Distribution of crack kits is good policy
Consider this: The province decides to fund a cheap medical program that could reduce the spread of a serious disease and, along with it, could reduce health care costs significantly.
One would think such a program would be heartily endorsed by anyone who's concerned about spiralling health care costs. Alas, the program concerns drugs - more specifically, crack cocaine, one of the most harmful of the illicit drugs. And that means that many people will reflexively oppose the program regardless of the benefits it may realize.
The pilot project involves distributing crack kits, including pipes, mouthpieces, filters and condoms, to crack cocaine smokers.
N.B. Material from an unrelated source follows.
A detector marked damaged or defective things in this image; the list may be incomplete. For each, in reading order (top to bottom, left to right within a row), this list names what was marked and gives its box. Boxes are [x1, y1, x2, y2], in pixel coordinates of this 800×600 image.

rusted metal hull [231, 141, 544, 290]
Although it's not clear how many subjects will be involved, the project is expected to run for six months to a year and to cost between $50,000 and $60,000.
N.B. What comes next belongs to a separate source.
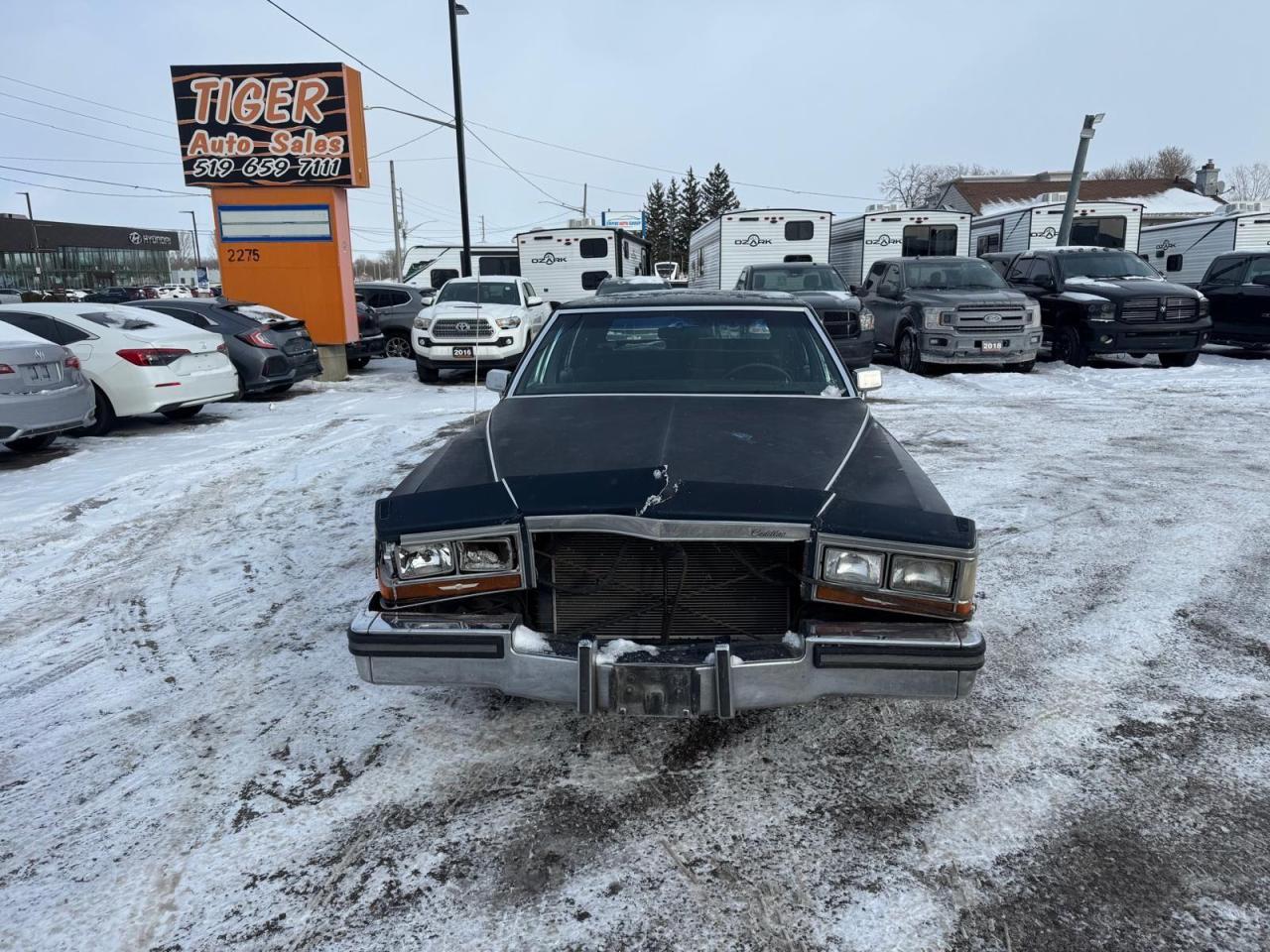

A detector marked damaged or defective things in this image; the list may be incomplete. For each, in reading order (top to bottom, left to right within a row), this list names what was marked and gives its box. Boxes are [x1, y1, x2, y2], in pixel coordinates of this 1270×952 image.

missing grille section [531, 533, 797, 645]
That's a mere pittance compared to the project's potential savings.
Although the evidence is not conclusive on this point, there is reason to believe that the sharing of crack pipes can lead to transmission of a variety of blood-borne diseases, most notably hepatitis C (HCV). Indeed, just a few years ago Benedikt Fischer of the University of Victoria's Centre for Addiction Research studied 51 crack smokers and found HCV on one pipe.
This doesn't prove that HCV is transmitted via shared crack pipes, but given that many crack smokers have burns and open sores on their lips, it's certainly possible.
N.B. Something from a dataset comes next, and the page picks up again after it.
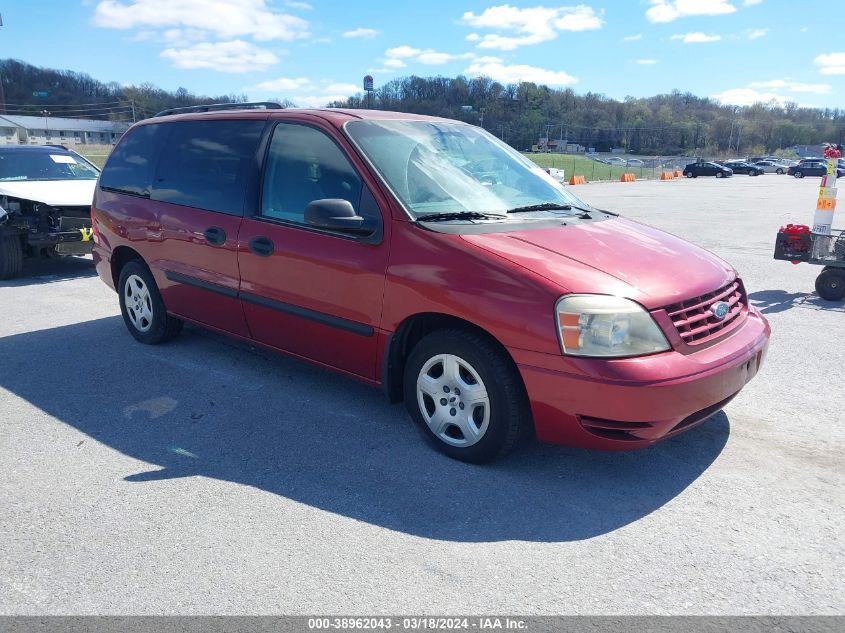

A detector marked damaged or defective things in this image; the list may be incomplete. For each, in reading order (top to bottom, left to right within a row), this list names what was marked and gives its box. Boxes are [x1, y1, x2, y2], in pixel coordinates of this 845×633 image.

wrecked white car [0, 147, 97, 280]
We know further that both HCV and pipe sharing are epidemic among crack users.
According to data from the ongoing BC Alcohol and Other Drug Monitoring Project, which interviews samples of drug users every six months, 70 per cent of crack smokers in Victoria and 60 per cent in Vancouver reported sharing crack pipes.
It is, therefore, imperative that we do whatever we can to reduce the risk of HCV transmission among crack users, not only to safeguard their health but also to reduce health care costs.
The cost of treating HCV infection is estimated at $30,000 per person per year, and given the number of HCV-infected drug users in Canada, the estimate for treatment over the next 20 years runs into the billions of dollars.
This itself is a crisis, in addition to the epidemic of HCV infection among drug users.
And it means that if the pilot project prevents two people from becoming HCV positive, it will have paid for itself for each year's outlay.
But preventing HCV infection is, of course, not the only to reason to endorse the project. Crack pipe sharing might also lead to HIV transmission and to respiratory illnesses such as pneumonia.
And preventing disease isn't the only reason to endorse the project.
The distribution of crack kits also acts as a form of outreach to deeply marginalized drug users, a point of first contact with the health care system.
As we have seen with Insite, Vancouver's supervised injection site, the project could ultimately result in more users seeking treatment.
Of course, we don't know if the project will have this effect, or even if it will reduce HCV infection. But that is precisely why it needs to be tried and studied. Running such a project is the very epitome of responsible health care policy-making.